::: Data shown

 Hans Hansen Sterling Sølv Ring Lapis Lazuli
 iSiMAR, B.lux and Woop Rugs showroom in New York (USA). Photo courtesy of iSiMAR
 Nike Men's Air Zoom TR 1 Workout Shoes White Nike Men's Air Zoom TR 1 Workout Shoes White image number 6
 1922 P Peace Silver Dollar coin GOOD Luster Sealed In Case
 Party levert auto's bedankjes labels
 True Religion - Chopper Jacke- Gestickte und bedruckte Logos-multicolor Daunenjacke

::::::
::: Data shown

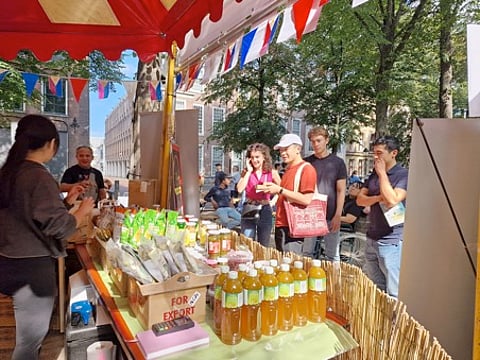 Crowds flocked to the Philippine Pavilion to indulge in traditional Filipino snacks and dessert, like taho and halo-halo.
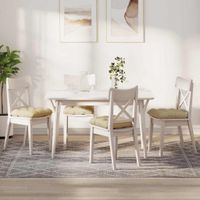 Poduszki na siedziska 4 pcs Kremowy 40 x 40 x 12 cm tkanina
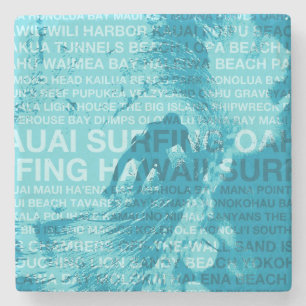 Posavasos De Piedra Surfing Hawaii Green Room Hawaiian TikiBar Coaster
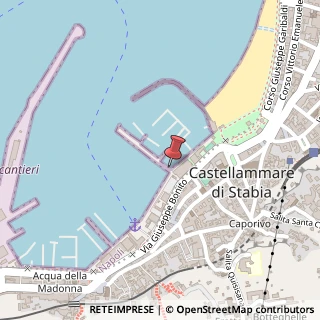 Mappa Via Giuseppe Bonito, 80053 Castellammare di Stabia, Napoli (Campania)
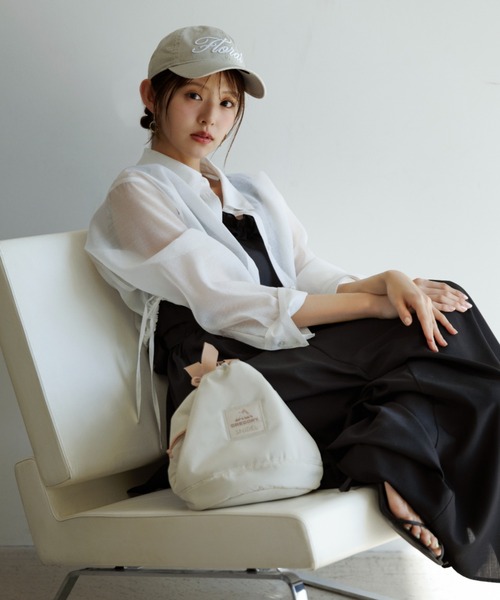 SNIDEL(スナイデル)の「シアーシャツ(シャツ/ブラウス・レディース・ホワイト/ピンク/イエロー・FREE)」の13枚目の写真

::::::

→ Problem to solve
In the records above, find the line with "Party levert auto's bedankjes labels"; write out exactly that line and each one after it, stopping after the line with "True Religion - Chopper".

→ Completed task
 Party levert auto's bedankjes labels
 True Religion - Chopper Jacke- Gestickte und bedruckte Logos-multicolor Daunenjacke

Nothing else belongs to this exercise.